Give again, word for word, every line below from the one that has "نیم ست گوشواره و گردنبند طلای ۱۸ عیار" through the one that has "Espetinhos de carne com legumes", both included, and no others.

*** Opening Data records ***

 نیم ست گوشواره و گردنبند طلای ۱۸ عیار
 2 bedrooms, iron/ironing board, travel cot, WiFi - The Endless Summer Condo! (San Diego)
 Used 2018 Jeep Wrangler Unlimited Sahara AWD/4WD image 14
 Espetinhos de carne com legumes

*** Closing Data records ***
*** Opening Data records ***

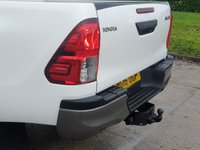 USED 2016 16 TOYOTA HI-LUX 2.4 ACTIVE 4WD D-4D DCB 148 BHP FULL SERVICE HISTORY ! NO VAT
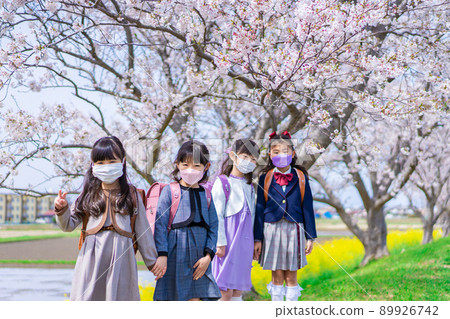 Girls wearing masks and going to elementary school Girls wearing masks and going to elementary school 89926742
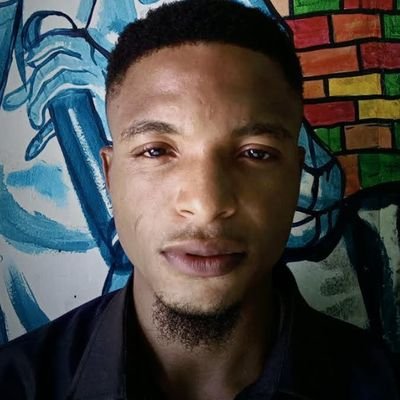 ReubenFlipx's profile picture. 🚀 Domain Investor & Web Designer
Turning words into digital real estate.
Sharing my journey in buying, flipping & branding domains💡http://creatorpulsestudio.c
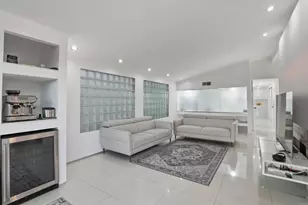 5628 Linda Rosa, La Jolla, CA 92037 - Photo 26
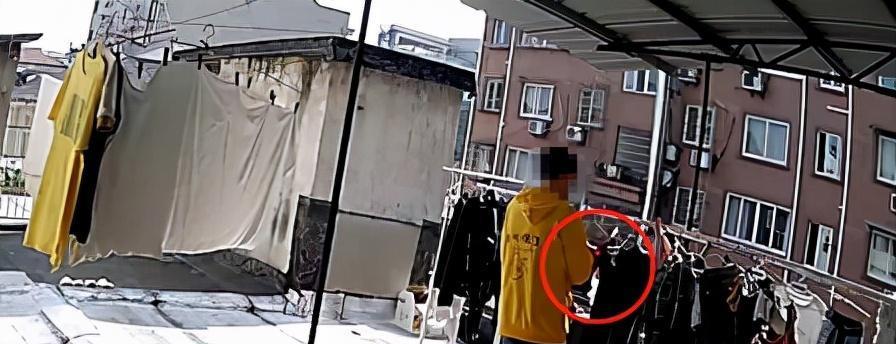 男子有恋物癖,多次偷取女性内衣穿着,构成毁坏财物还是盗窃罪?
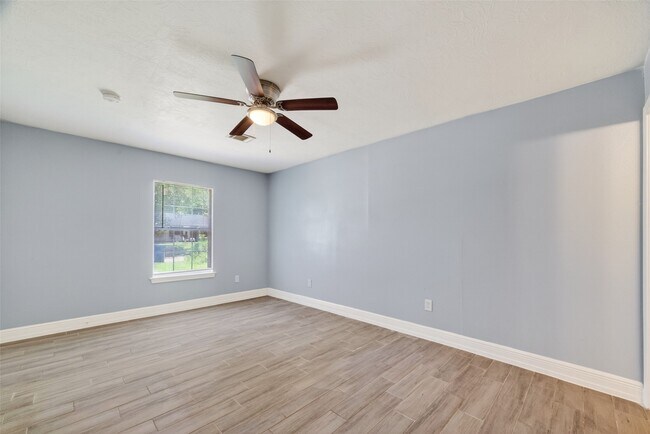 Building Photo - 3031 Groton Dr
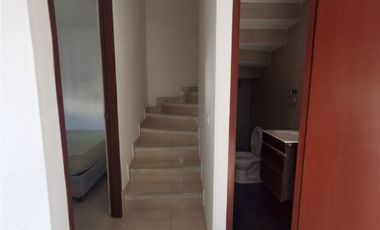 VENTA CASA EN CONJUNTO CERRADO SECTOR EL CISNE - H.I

*** Closing Data records ***
*** Opening Data records ***

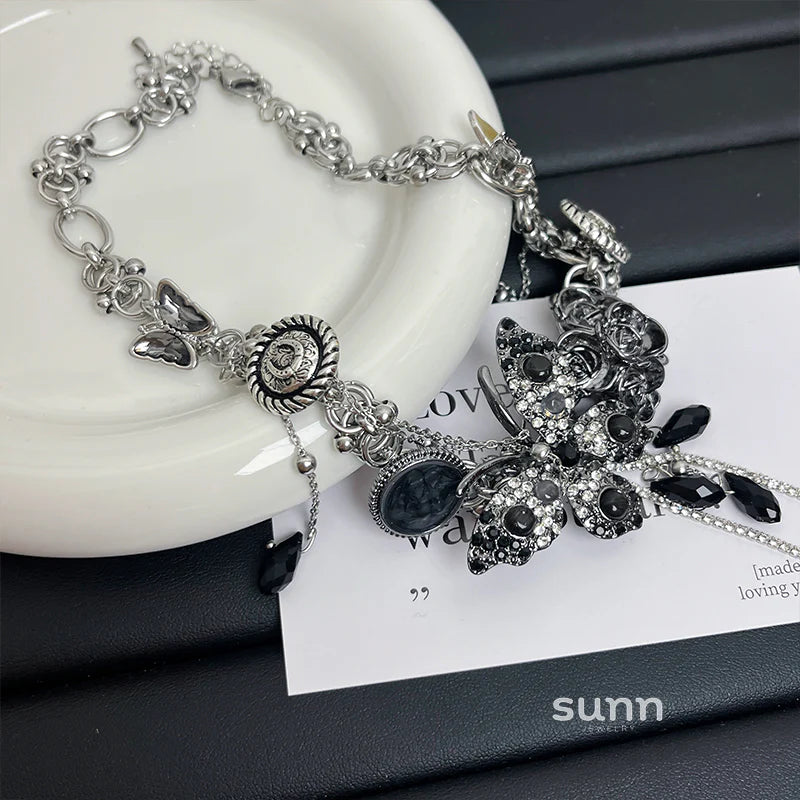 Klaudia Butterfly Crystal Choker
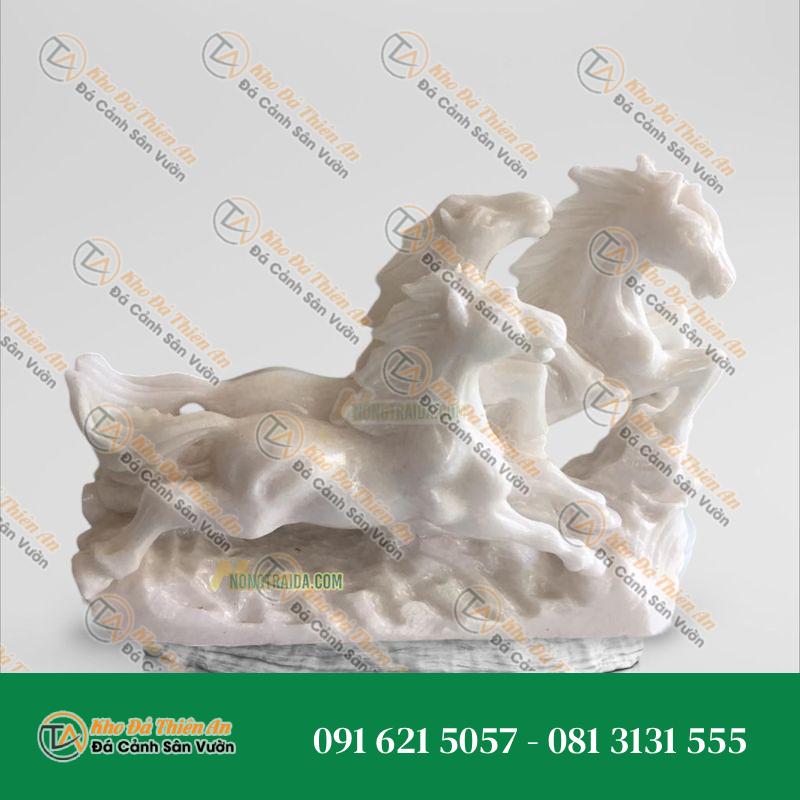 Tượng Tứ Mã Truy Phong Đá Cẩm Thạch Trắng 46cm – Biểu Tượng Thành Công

*** Closing Data records ***

Result:
 نیم ست گوشواره و گردنبند طلای ۱۸ عیار
 2 bedrooms, iron/ironing board, travel cot, WiFi - The Endless Summer Condo! (San Diego)
 Used 2018 Jeep Wrangler Unlimited Sahara AWD/4WD image 14
 Espetinhos de carne com legumes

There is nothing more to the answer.